## What you are asked to do
Once you find the line with "Horse Color:Liver Red Dun" in the listing below, set down exactly every line from it through the line with "Maisblüte (Centaurea cyanus)", but no pictures.

## Data to examine
○ ○ ○ ○ ○ ○ ○

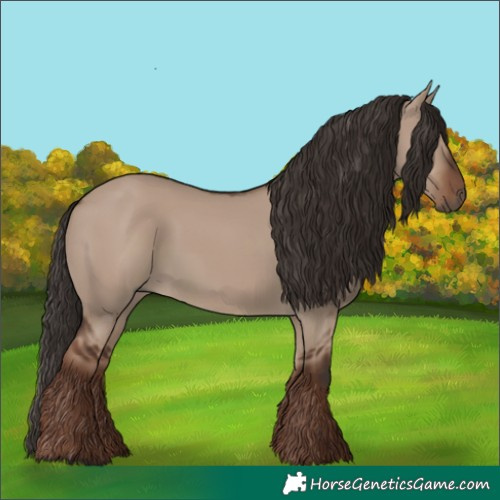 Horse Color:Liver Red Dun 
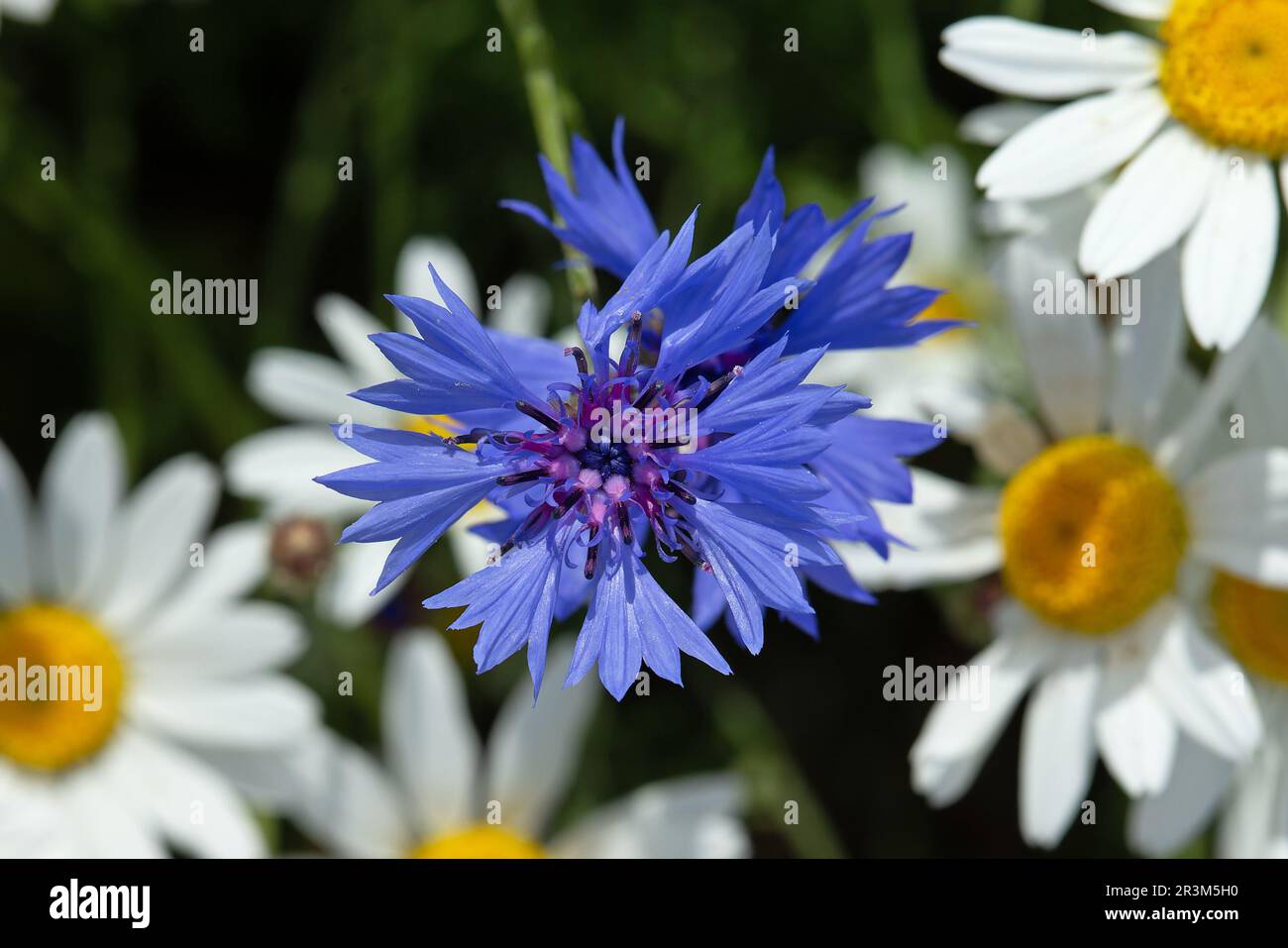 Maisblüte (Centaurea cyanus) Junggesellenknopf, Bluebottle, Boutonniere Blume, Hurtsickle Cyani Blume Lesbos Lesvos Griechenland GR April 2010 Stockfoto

○ ○ ○ ○ ○ ○ ○

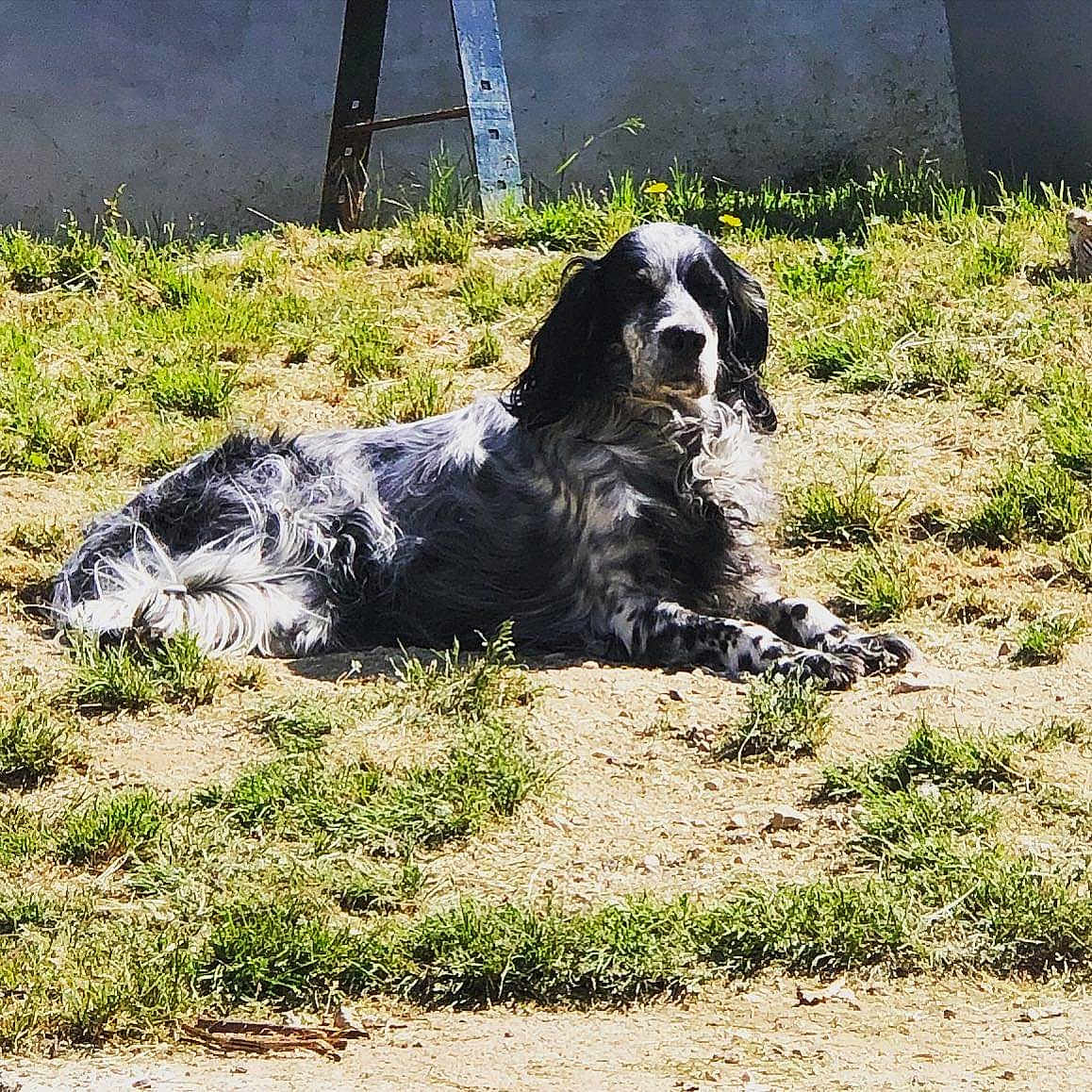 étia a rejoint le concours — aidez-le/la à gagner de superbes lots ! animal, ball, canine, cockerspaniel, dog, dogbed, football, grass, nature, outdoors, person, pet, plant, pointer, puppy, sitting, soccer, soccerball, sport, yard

○ ○ ○ ○ ○ ○ ○

## Written solution
 Horse Color:Liver Red Dun 
 Maisblüte (Centaurea cyanus) Junggesellenknopf, Bluebottle, Boutonniere Blume, Hurtsickle Cyani Blume Lesbos Lesvos Griechenland GR April 2010 Stockfoto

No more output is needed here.